I just deployed my first rails application in production mode using
Capistrano and mongrel clusters. Here are the lines in my
mongrel_cluster.yml file.
However, I am unable to access the application from other computers on
the intranet. The ports are open. I tested the development version on
ports 8000, 8001, and 8002, using both WeBrick and Mongrel and I can
access the application from other machines in the development mode.
But this doesn't happen in the production mode. I get a "This URL is
valid, but the connection was refused" error.
Does anyone know why this is happening? I have already spent a lot of
time trying to get at the cause of this problem.
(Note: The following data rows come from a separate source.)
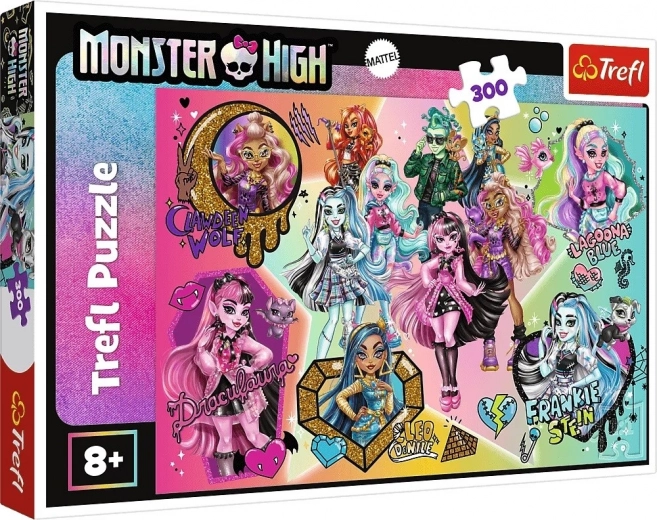 Dėlionė 300 dalių – Monster High zombie valdo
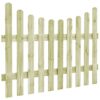 Garden Gate Impregnated Pinewood 170x120 cm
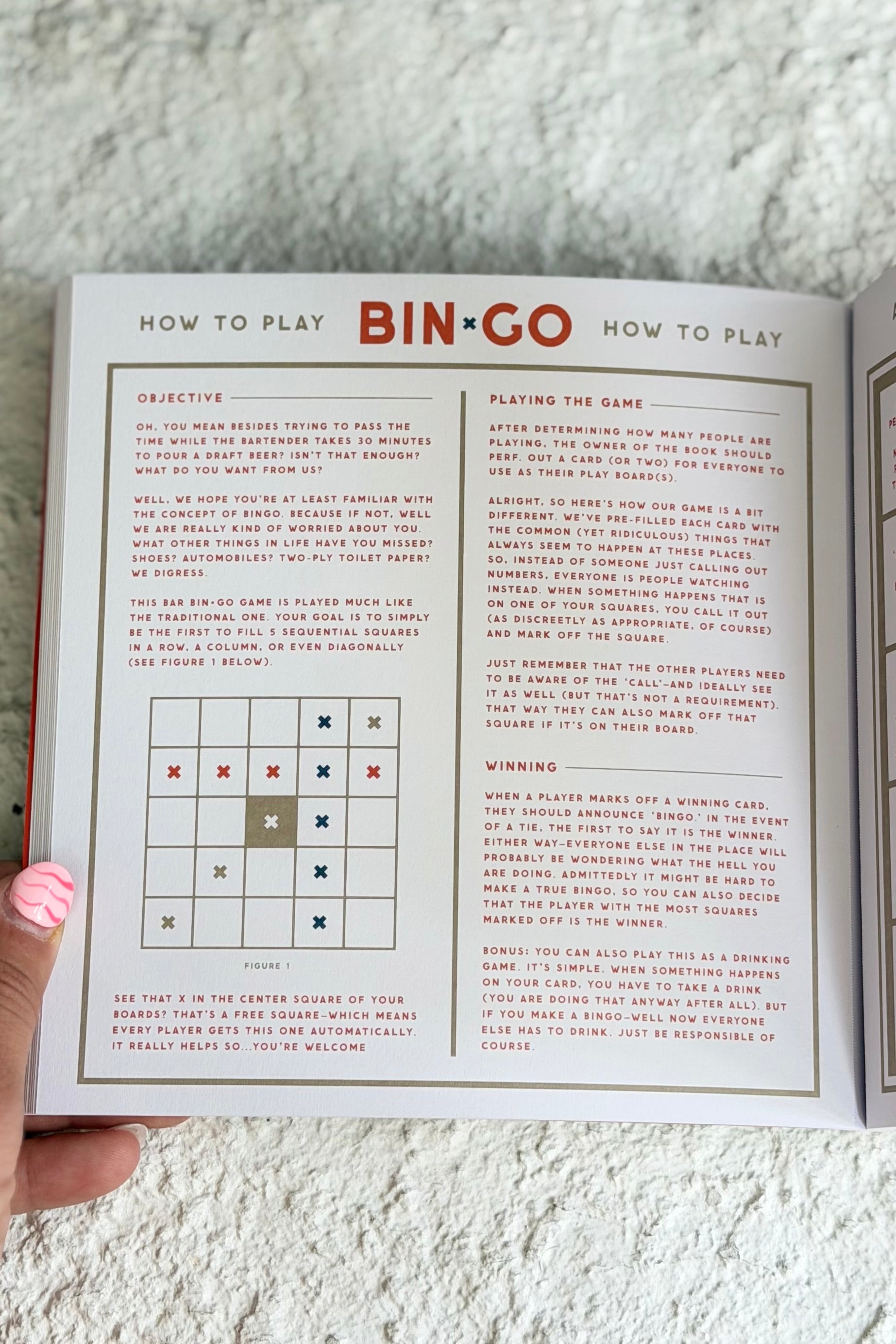 Bingo Get Some Drinks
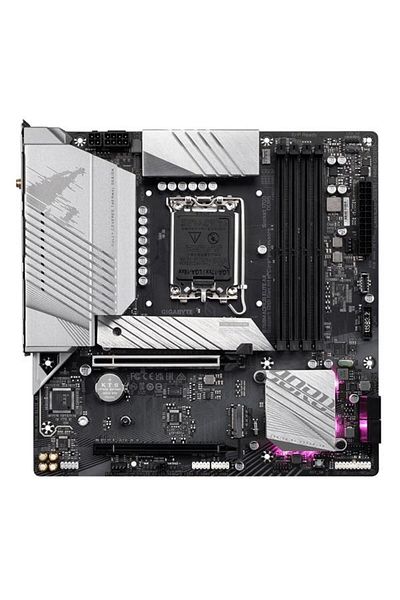 Gigabyte Aorus Elite Ax B760m - WiFi-6e DDR5 HDMI DP PCiE 16x V5.0 1700p MatX Motherboard
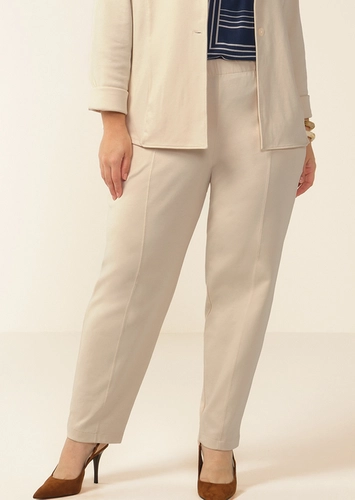 Calça Feminina Reta Marialicia 184479 loading=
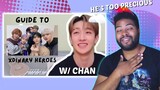 He’s Too Precious | Get To Know Xdinary Heroes (엑스디너리히어로즈) With Chan | REACTION
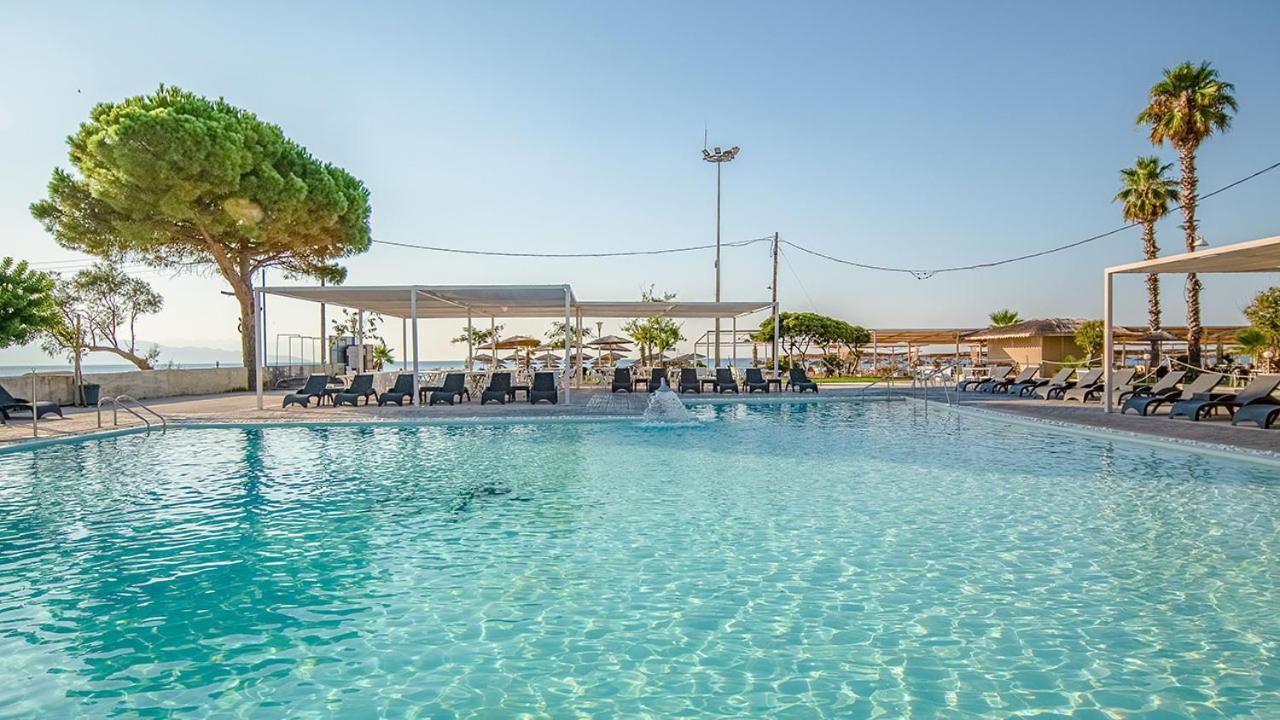 Gmp Bouka Resort Messíni Exteriör bild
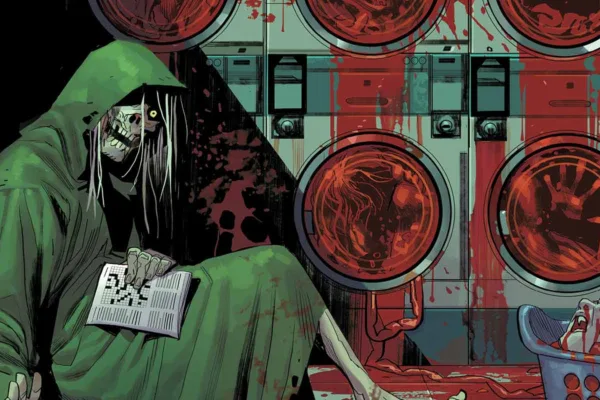 Creepshow Vol. 4 #1 cover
Almost certainly mongrel cluster is binding the app to localhost (ie
is only accessible at the address 127.0.0.1).
You shouldn't be accessing the mongrels directly - typicall an
instance of apache, nginx etc... sits between browsers and the
mongrels, load balancing across them.
Actually, I checked that by changing the address in
mongrel_cluster.yml. When I set the address to myserver.mydomain.com,
I can only access it at that address and not at 127.0.0.1 and vice-
versa from my computer. In either case, the site is not accessible
from other computers.
Ultimately, I plan to use Apache for load balancing the mongrels. When
I do that, will the binding of the app to localhost create a problem?
For now, is there some way of making the app available from other
computers?
Installing Apache httpd is about a 5-minute job. For that matter, you
could also install mod_rails -- so now it's, maybe, 8-10 minutes --
and dump the mongrels...
OK, I loaded the Mongrels onto Apache and got it working.
But one thing still beats me. Why is it that when Mongrel is running
in a development environment, the pages are accessible from all
computers on the intranet, whereas in production mode, mongrel-served
pages are only visible from localhost?
Here is the /etc/hosts file. Both production and dev are on the same
machine. OK, so I get why 127.0.0.1 and myserver.mydomain.org are not
mapped to one another. For that I will need to have a line
"127.0.0.1 myserver.mydomain.org myserver" in /etc/hosts.
But the dev/prod accessibility problem is still unresolved.